Object Type: Photography
Technique: Photography
Credit Line: Gift of Sally Strauss and Andrew E. Tomback
Accession Number: 2017.12.8

Illustrated: Arthur Rothstein. Words and Pictures. New York: Amphoto, 1979, p. 38.

As one of his many assignments as a Farm Security Administration (FSA) photographer, Rothstein traveled to the Great Plains region to document the environmental devastation of the Dust Bowl. He describes the serendipitous moment this photo was taken as such: “The farmer and his two children, two little boys, were walking past a shed on their property and I took this photograph with the dust swirling all around them… It was a picture that had a very simple kind of composition, but there was something about the swirling dust and the shed behind the farmer. It showed an individual in relation to his environment.”

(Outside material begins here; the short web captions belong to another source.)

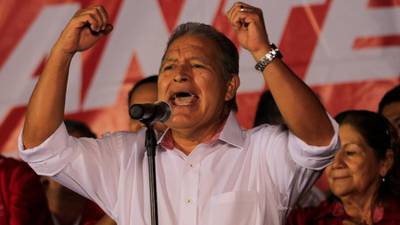 Ex-Marxist rebel eyes centrists in El Salvador presidential run-off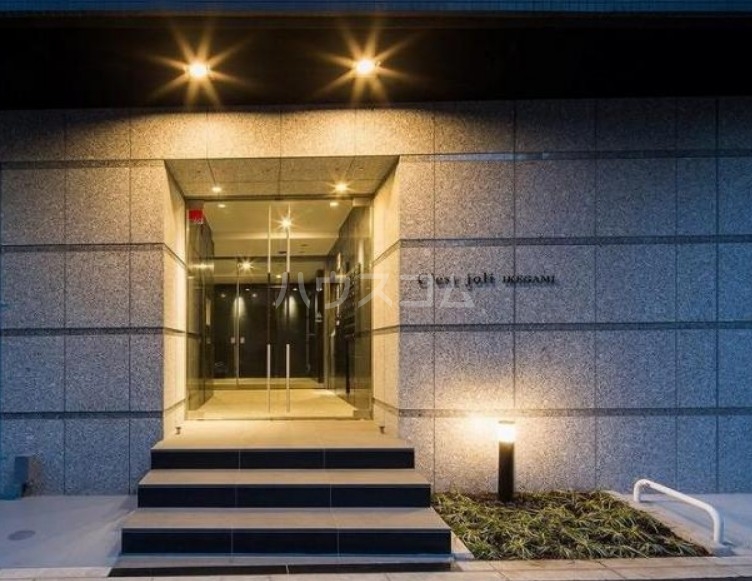 17/27 エントランス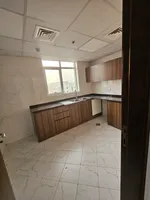 شقه للإيجار علي الكورنيش غرفتين و٣ غرف وصاله : Image 5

In the decades since this now-iconic photograph was taken, Cimarron County residents still grapple with an arid landscape amidst a drought that FEMA and the National Weather Service project will be “the most costly and damaging in U.S. history” (The New Yorker). In one image, Rothstein captures a glimpse of the storied history of a once-vibrant American prairie—one defined by struggle and resiliency.

- Gigi Hume, SC ‘23


“G48.3 4/9 Dust Storm” written on the bottom left side in pencil.
“2017.12.8/ AR-192.54” written on the right bottom side in pencil, 1.375” left of a “5000” written on the bottom right corner, also in pencil.
“ARTHUR ROTHSTEIN PHOTOGRAPH from the collection of GRACE ROTHSTEIN” stamped on the lower left side in black ink about 2” from the left.